Downey abrió la boca para decir: «¿Sin valor?». Se dio cuenta de que estaba medio esperando a que ese fuera el caso. Si aquellos tipos, quienes quiera que fuesen, les habían pagado con metal sin valor, entonces no había ni un atisbo de contrato. Pero se daba cuenta de que aquel no era el caso. Los Asesinos del Gremio aprendían a reconocer el dinero al principio de su carrera.

—Discos lisos —dijo— de oro puro.

Winvoe asintió en silencio.

—Nos sirven —dijo Downey.

—¡Tiene que ser mágico! —dijo Winvoe—. ¡Y nosotros nunca aceptamos dinero mágico!

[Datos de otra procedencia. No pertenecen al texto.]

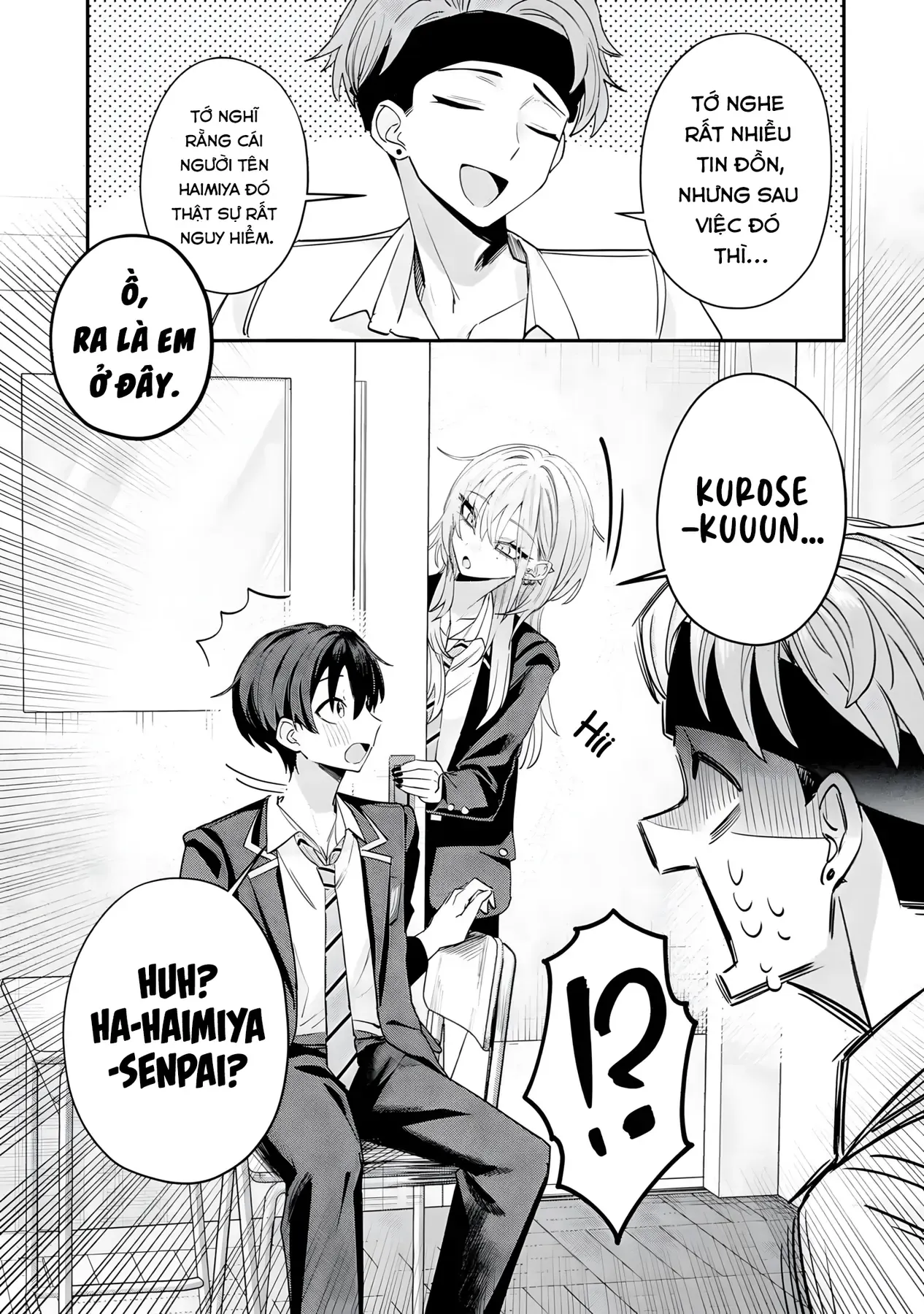Haimiya-Senpai Không Chỉ Đáng Sợ Mà Còn Dễ Thương Chap 15 - Next Chap 14.6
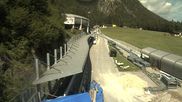 Archiviertes Webcam Bild: Eisarena Königssee: Blick auf die Bobbahn am 28.05.2026 um 10:44 Uhr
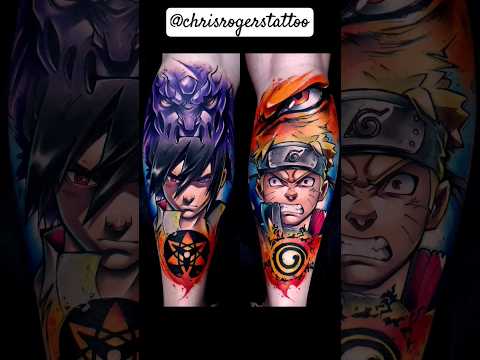 💎NARUTO & SASUKE TATTOOS💎 by @chrisrogerstattoo #animetattoo #anime
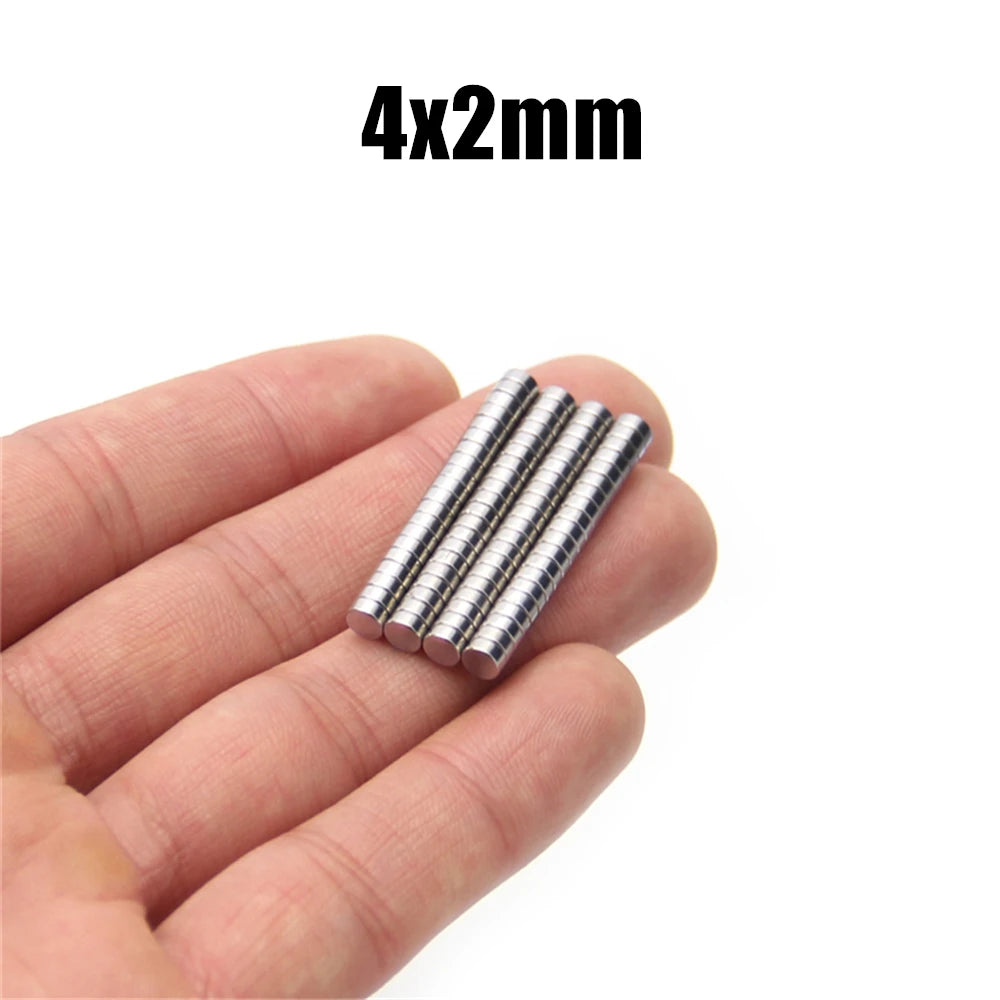 Round Neodymium Magnet 2x2,3x2,3x3,4x2,5x2,6x2,6x3,8x1,8x2,10x2 N35 Permanent NdFeB Super Strong Powerful Magnetic imane Disc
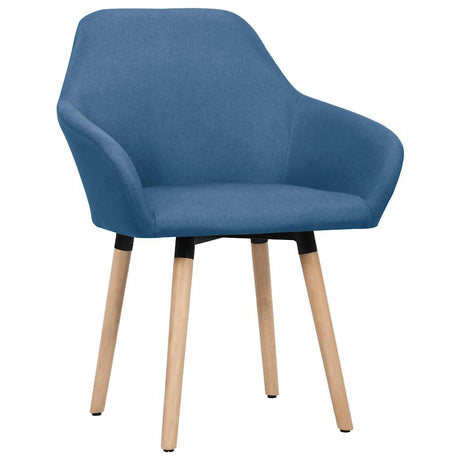Vidaxl eetkamerstoelen 2 st stof blauw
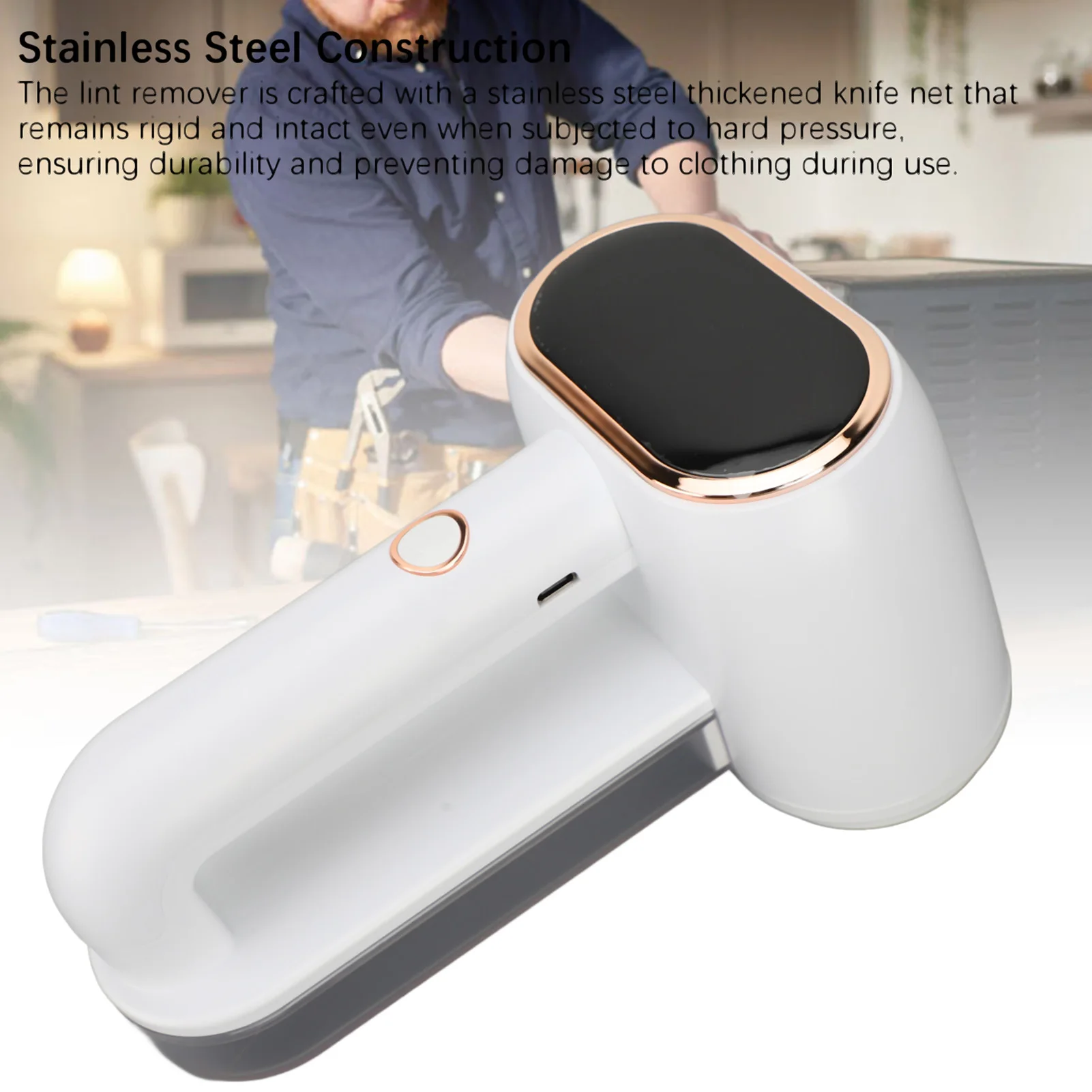 Dual Head Lint Remover Cordless Rechargeable Lcd Power Display Electric Clothes Garment Fuzz Remover for Home
Dual Head Lint Remover Cordless Rechargeable Lcd Power Display Electric Clothes Garment Fuzz Remover for Home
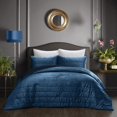 thumbnail image 1 of Grace Living Zymir Crushed Velvet Comforter Set - Channel Tufted, 1 of 5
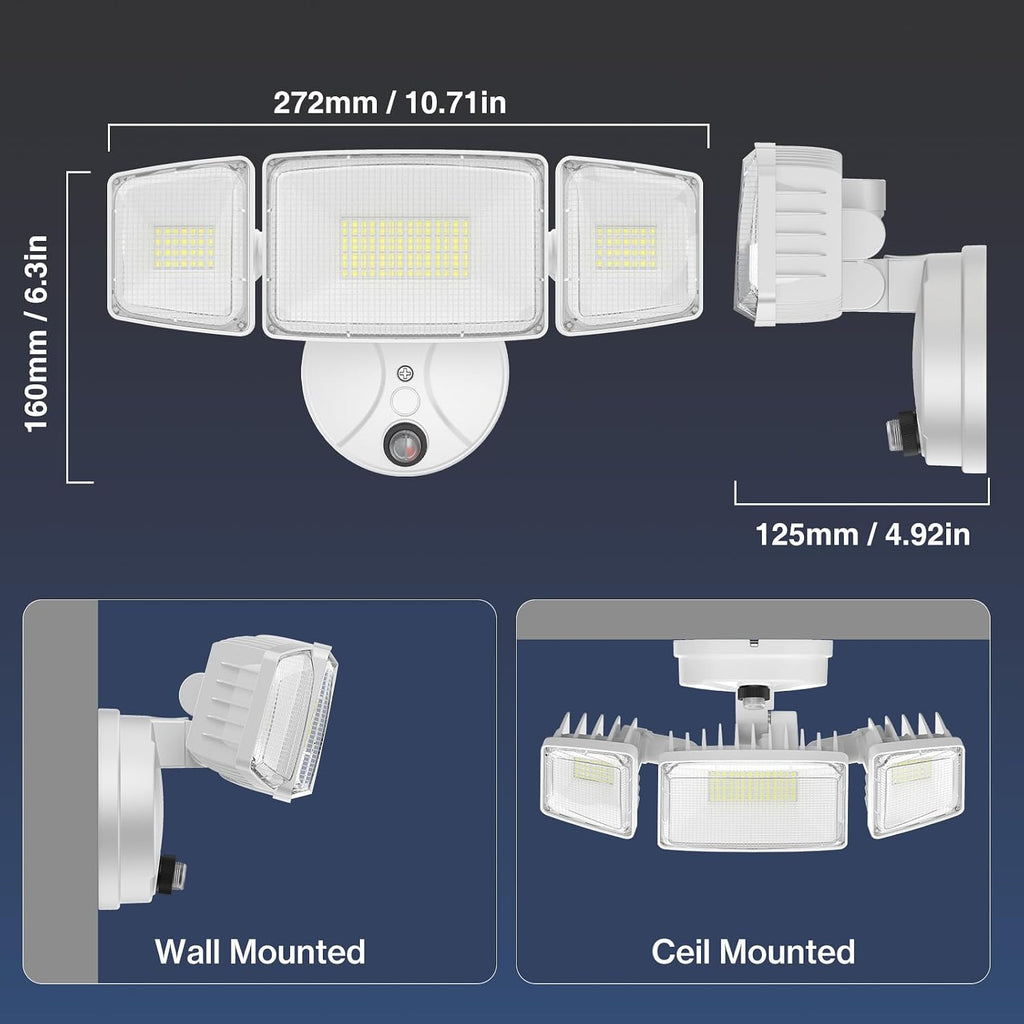 100w Dusk to Dawn Outdoor Lighting,11000LM Led Outdoor Light from Dusk Till Dawn,Super Bright Flood Light,IP66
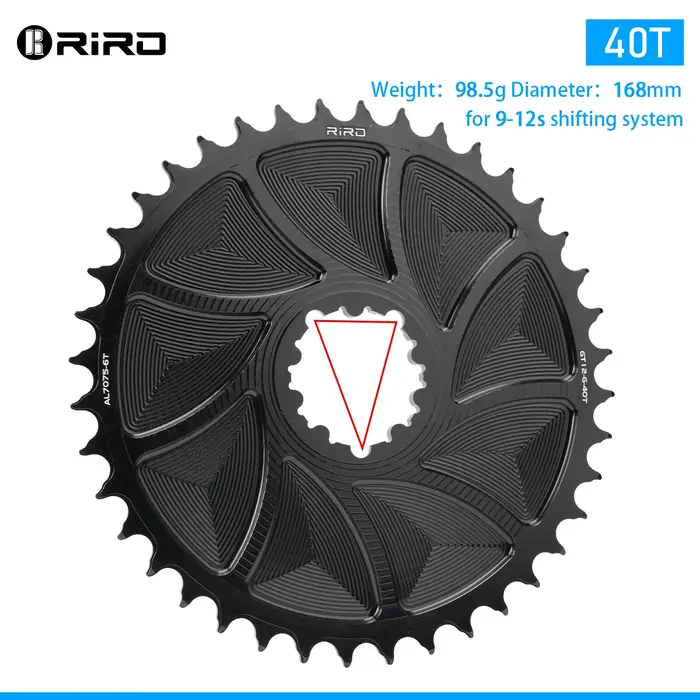 Plateau de pédalier RIRO 3 boulons pour vélo Scram GXP en alliage d'aluminium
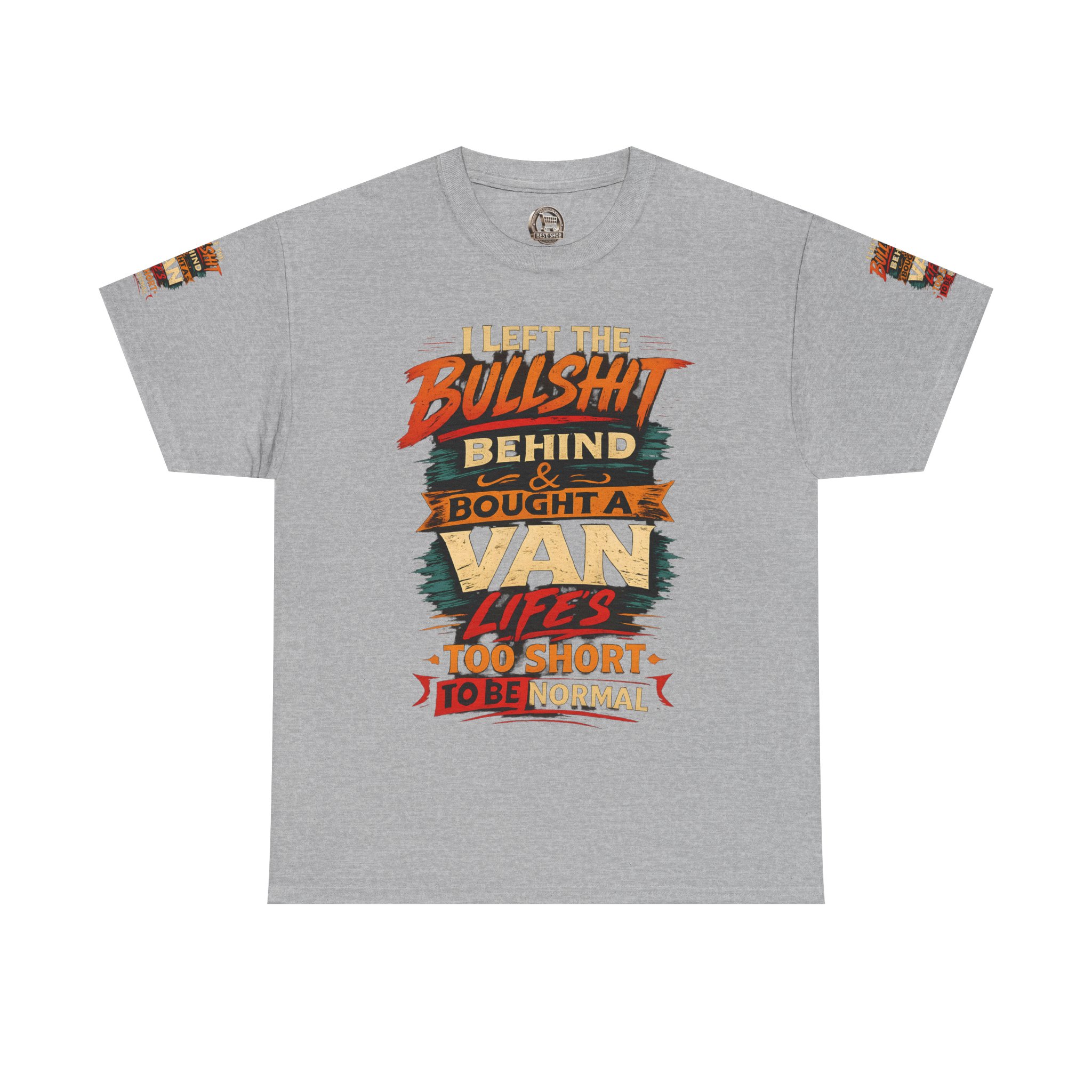 13554837580382899654_2048.jpeg Unisex Heavy Cotton Tee — "I Left The Bullshit" Design F**K-Line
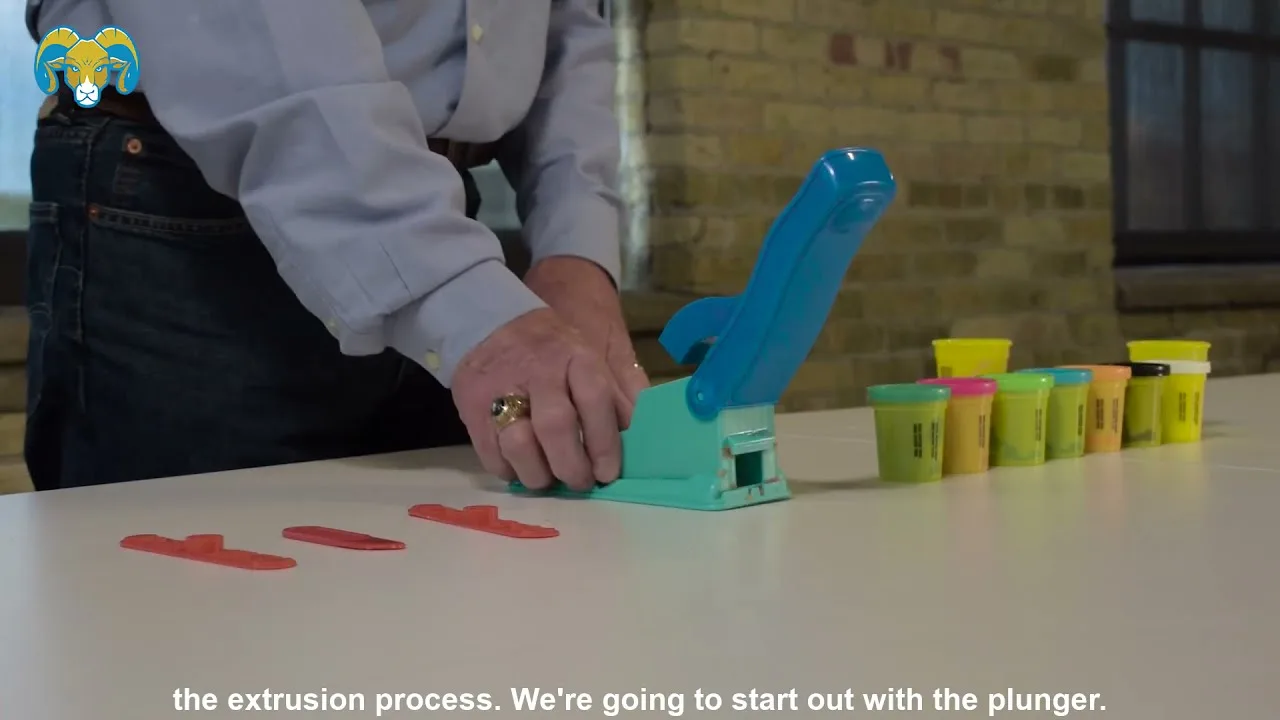 Custom Plastic Extrusion Process Using a Play-Doh Plunger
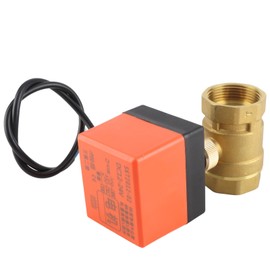 Motorised Ball Valve, DN32 G1-1/4 Inch DC 12 V 2 Way 3 Wire Brass Motorised Ball Valve Electric Valve DN32 G1-1/4 Inch Ball Valve 1.6 MPa Motorised Ball Valve 2~95 °C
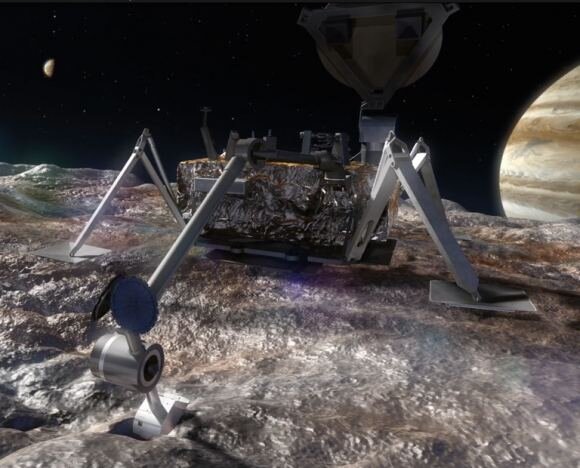 ناسا اولین نمونه فرودگر ماموریت «اروپا لندر» را آزمایش میکند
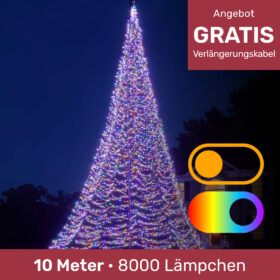 fairybell luminous switch 10 Meter 8000 led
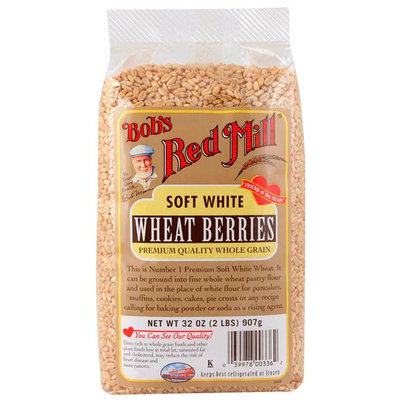 Bob's Red Mill Soft White Wheat Berries Premium Quality Whole Grain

Downey hizo botar la moneda sobre el escritorio un par de veces. Hacía un ruido sordo satisfactoriamente pesado. No era mágico. El dinero mágico parecía de verdad, porque su finalidad no era otra que engañar. Pero aquello no necesitaba imitar algo tan humano y adulterado como las simples monedas. Esto es oro, le decía a sus dedos. Tómalo o déjalo.